One week later Burton released his proposed budget. It called for the addition of 10 positions at Metro, but it proposed a cut to Dow's office by a part-time auditing position--one-seventh of her total staff.

Dow called meetings with individual Metro councilors. During them, councilors said they'd heard--presumably from the open-spaces department--that U'Ren "did not understand the appraisal process," says Dow. Councilor Susan McLain "suggested that I should not have even undertaken the audit," the auditor recalls, with Councilor Ed Washington telling her "this is a popular program, this is Metro's shining star."

McLain, on vacation, did not return WW's calls.

Meanwhile, documents show, the audit went through several more drafts, including three more rounds of feedback from the open-spaces staff, before the draft was finalized and released.

Dow concedes that changes in tone were made to accommodate certain Metro officials' "sensitivities," but says all substantive changes were made in the name of accuracy and objectivity, not because of political pressure.

Among the changes:

*U'Ren's draft said it appeared that "Metro Open Spaces staff is willing to acquire certain properties at all costs." In the final report, this language was removed.

*The draft audit noted on page 14 that Metro bought an unexpectedly large proportion of its land--84 percent--outside the urban growth boundary, where land can't be developed anyway. This was controversial information, as the open-spaces campaign had stressed that tax dollars would be used to rescue land from development. This fact is "critical" to judging the program, wrote U'Ren in his notes. In the final report, this observation is moved to an appendix in the back of the audit.

*Appraisals that had serious problems were termed "not credible" in the draft audit. In the final version the language was changed to having "elements of concern."

*The draft audit questioned six of 12 appraisals studied. The final questioned only four.

Public records show that U'Ren disagreed with this change. Specifically, he objected to the removal from the "questionable" list of appraisals a piece of property on Cooper Mountain. Though Metro staff judged the land to be "worth no more than $485,000," it was eventually appraised and purchased for $630,000. "I still strongly believe that no private sector buyer would pay as much for this property as Metro did," U'Ren wrote Dow in a subsequent letter.

Asked about the disagreement, U'Ren says, "Initially I did not concur [with Dow], but after further analysis I did concur."

Today, things are settling back to normal. The auditor's budget was restored. But tension remains between Dow and her counterparts in the Metro Council and executive's office.

Some people feel the final audit was watered down. When told of the audit's findings, Tom Harris, a former Portland appraiser who valued properties for the program, said, "Boy, did we have our blinders on, or what?"

As for U'Ren, he says he is content with the final report. Have his opinions changed since the first draft? "Oh man, that [question] gets me into tricky water," he says, before declining to elaborate. He supports the decision to remove his conclusions, because they were based in part on confidential sources, not documents.

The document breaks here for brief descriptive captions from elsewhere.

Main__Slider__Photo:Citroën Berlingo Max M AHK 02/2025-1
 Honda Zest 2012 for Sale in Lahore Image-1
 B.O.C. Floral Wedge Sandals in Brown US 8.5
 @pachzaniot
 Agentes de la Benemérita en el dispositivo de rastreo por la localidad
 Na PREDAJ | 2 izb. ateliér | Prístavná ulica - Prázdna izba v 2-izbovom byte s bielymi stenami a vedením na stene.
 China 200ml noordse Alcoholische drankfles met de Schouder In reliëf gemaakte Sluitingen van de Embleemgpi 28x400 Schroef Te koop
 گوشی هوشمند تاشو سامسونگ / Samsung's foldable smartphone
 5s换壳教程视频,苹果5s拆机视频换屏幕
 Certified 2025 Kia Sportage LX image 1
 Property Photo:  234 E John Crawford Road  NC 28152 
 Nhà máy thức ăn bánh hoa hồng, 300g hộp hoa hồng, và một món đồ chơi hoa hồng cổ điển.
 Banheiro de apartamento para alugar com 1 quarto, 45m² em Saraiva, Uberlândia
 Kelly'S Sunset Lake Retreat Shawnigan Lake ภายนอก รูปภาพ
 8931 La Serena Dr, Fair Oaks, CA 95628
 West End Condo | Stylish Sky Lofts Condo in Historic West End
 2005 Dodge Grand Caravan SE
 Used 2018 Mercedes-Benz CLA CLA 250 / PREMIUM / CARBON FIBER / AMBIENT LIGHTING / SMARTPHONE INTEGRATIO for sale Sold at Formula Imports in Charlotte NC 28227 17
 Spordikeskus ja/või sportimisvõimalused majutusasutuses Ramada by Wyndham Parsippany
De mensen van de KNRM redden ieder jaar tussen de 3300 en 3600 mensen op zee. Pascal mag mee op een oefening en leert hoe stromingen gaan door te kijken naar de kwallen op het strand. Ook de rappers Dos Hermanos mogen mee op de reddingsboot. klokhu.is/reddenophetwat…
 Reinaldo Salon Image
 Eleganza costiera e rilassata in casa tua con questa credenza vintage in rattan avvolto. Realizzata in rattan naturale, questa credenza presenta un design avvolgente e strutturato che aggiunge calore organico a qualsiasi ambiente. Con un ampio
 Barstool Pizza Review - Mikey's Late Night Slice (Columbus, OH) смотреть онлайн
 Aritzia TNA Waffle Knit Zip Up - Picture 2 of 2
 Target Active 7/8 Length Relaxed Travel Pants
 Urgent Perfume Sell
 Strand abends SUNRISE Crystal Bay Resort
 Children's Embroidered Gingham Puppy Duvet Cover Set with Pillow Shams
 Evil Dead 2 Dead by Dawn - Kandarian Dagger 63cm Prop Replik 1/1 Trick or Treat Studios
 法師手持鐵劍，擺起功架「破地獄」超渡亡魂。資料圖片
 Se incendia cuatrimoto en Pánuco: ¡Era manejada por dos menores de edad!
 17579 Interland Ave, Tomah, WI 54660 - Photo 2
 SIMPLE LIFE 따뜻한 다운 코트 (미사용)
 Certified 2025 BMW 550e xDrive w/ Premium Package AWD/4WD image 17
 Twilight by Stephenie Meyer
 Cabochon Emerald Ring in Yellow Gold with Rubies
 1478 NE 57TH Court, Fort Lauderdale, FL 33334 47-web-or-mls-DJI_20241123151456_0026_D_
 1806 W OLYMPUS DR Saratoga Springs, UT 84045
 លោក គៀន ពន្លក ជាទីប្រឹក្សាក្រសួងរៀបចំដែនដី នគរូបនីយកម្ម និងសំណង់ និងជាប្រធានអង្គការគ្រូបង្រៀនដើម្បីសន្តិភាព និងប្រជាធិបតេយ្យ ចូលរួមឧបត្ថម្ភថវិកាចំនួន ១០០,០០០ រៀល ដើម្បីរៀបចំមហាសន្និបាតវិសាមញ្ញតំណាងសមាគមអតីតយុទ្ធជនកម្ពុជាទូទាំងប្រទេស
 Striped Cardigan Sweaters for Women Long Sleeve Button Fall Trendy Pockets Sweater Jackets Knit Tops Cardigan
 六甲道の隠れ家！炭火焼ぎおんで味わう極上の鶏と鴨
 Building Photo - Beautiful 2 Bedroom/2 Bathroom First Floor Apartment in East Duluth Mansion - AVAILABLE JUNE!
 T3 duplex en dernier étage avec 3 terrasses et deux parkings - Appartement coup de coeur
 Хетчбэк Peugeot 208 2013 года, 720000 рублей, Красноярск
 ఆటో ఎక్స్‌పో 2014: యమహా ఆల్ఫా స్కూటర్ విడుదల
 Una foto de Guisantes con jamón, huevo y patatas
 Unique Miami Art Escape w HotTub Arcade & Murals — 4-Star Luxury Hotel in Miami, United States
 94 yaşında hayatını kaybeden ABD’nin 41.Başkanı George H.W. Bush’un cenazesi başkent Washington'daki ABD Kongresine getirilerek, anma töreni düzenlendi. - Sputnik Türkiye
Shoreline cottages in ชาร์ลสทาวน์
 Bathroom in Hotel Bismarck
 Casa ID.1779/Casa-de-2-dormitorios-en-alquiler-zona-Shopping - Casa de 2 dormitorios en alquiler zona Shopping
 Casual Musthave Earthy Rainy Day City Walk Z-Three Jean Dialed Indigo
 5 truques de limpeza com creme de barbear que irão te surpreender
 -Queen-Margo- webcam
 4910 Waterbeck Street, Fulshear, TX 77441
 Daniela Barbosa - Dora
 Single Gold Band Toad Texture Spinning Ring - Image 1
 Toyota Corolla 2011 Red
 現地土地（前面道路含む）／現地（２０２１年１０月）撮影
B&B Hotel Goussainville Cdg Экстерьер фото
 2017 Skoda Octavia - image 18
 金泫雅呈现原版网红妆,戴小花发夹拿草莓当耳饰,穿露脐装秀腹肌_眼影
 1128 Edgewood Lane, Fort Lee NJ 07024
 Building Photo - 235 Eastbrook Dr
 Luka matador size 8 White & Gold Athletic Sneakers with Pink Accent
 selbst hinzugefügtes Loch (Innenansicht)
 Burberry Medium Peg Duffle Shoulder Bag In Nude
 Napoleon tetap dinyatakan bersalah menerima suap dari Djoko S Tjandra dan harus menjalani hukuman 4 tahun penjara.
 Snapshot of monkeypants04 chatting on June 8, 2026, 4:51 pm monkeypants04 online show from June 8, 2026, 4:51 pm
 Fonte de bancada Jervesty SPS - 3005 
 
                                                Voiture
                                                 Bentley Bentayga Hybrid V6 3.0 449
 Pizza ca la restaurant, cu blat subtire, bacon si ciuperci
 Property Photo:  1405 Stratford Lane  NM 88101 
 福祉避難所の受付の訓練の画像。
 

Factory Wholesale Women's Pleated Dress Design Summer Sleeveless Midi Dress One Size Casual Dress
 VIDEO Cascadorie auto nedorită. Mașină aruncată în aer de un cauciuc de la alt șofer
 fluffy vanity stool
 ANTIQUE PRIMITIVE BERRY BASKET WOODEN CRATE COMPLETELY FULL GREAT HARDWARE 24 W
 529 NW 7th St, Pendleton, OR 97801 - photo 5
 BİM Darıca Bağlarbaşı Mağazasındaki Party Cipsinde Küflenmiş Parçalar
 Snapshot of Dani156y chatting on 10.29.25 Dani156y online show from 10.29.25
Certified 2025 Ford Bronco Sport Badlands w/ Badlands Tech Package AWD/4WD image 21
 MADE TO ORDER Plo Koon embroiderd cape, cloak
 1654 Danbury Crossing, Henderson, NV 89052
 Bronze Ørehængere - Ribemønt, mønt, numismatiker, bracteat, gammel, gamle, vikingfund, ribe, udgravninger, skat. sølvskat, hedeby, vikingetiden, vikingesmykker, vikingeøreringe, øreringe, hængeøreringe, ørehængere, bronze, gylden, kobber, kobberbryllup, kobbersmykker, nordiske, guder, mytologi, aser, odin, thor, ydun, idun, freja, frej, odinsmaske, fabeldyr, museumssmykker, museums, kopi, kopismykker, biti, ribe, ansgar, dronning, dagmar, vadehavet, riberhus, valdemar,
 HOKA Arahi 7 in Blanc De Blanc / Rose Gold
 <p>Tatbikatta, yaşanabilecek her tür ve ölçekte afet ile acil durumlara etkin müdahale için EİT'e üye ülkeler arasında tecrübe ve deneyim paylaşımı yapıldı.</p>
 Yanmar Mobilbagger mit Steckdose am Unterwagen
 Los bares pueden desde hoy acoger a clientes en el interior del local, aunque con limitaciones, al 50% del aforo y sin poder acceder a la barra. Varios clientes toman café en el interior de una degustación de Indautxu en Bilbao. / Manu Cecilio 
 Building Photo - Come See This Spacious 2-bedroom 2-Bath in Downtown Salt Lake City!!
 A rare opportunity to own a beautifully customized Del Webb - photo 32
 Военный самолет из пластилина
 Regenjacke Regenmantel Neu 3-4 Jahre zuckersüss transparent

Kvistad says he is not surprised by the reaction Dow got. "Anytime you take on a Metro sacred cow," he says, "you are attacked fairly severely. I'm not saying I agree with her audit. I'm saying she stepped into one of the Metro areas that's off-limits to criticism."

For her part, Dow says she resents the perception among councilors that she pursued the audit to get headlines, as well as the suggestion that she watered it down to avoid making waves. "I am a very strong individual. I do the job that needs to get done," she says.